TASK DETAILS |
In the records below, find the line with "V-Floc Lava Autos Concentrado 500ml | Vonixx", then copy each line exactly until you have copied the line with "ВАЗ 2114 Samara 1.6 МТ, 2007, 133 000 км". Leave any picture out.

EXTRACTED ENTRIES |
•••

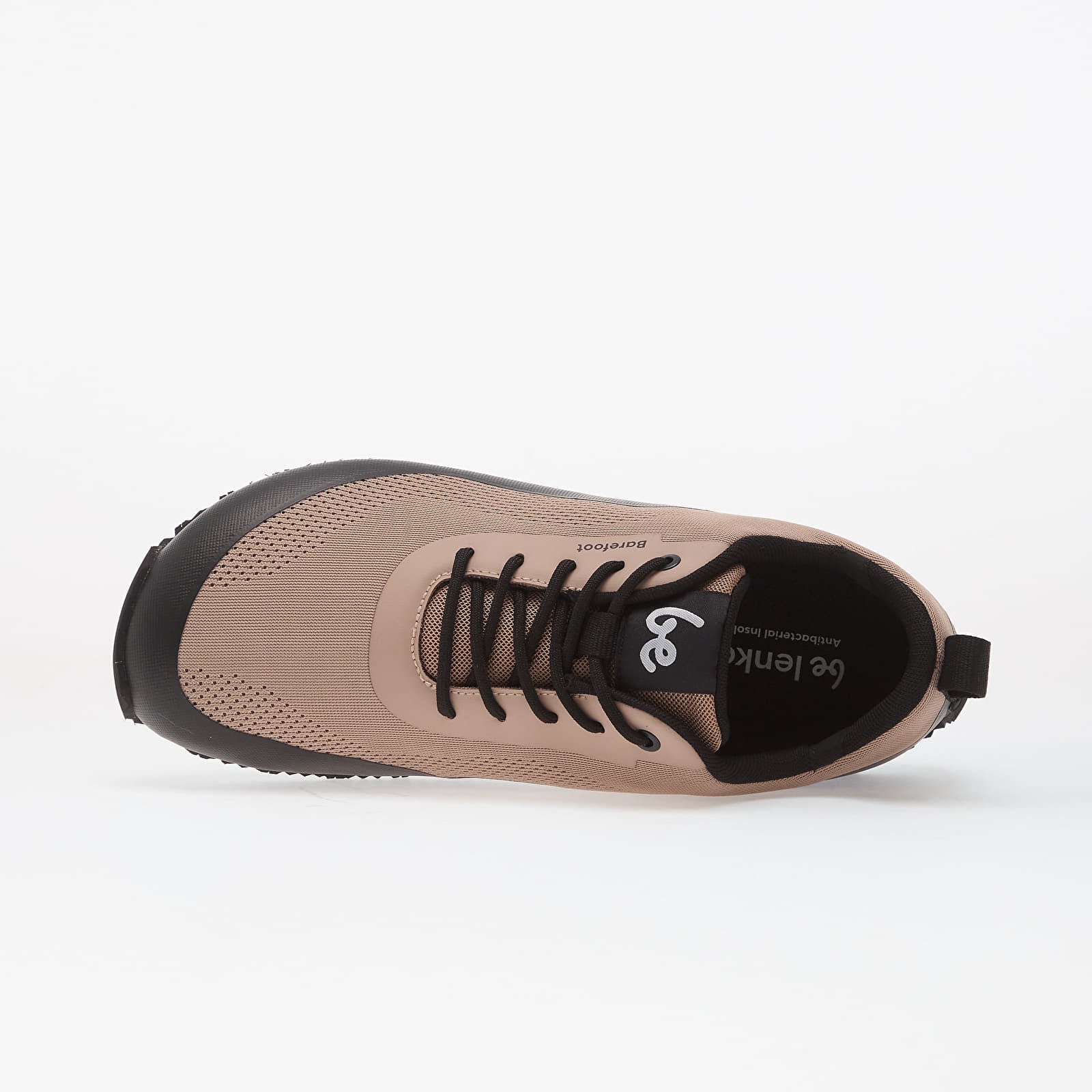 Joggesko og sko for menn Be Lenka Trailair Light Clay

•••

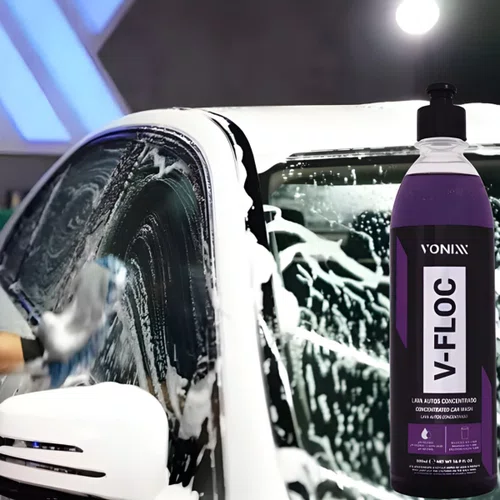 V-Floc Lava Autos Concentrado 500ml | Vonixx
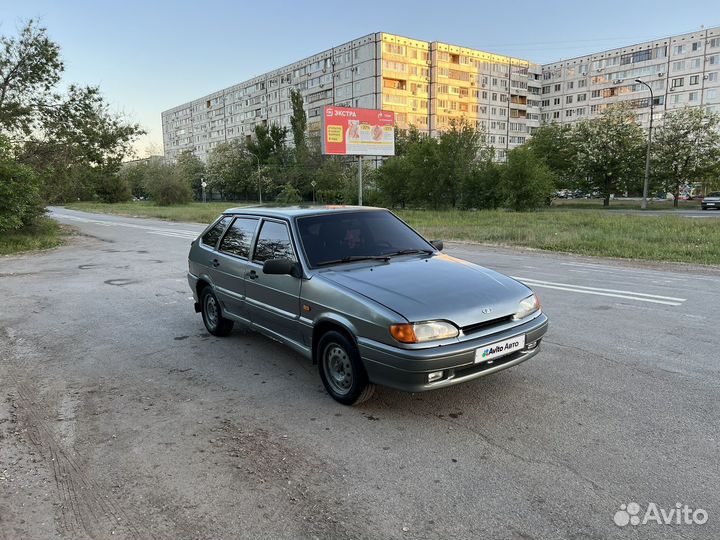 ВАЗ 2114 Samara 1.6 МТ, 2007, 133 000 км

•••

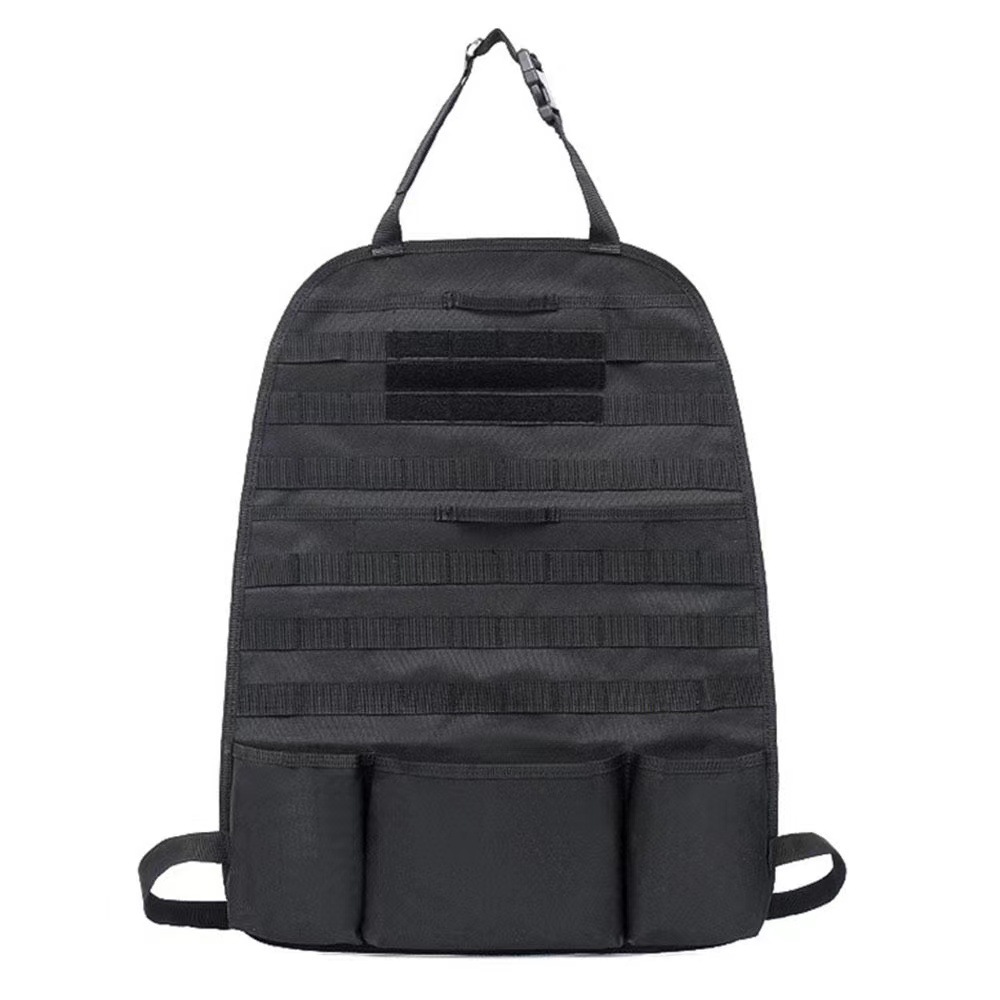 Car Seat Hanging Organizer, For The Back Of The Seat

•••

EXERCISE OUTPUT |
 V-Floc Lava Autos Concentrado 500ml | Vonixx
 ВАЗ 2114 Samara 1.6 МТ, 2007, 133 000 км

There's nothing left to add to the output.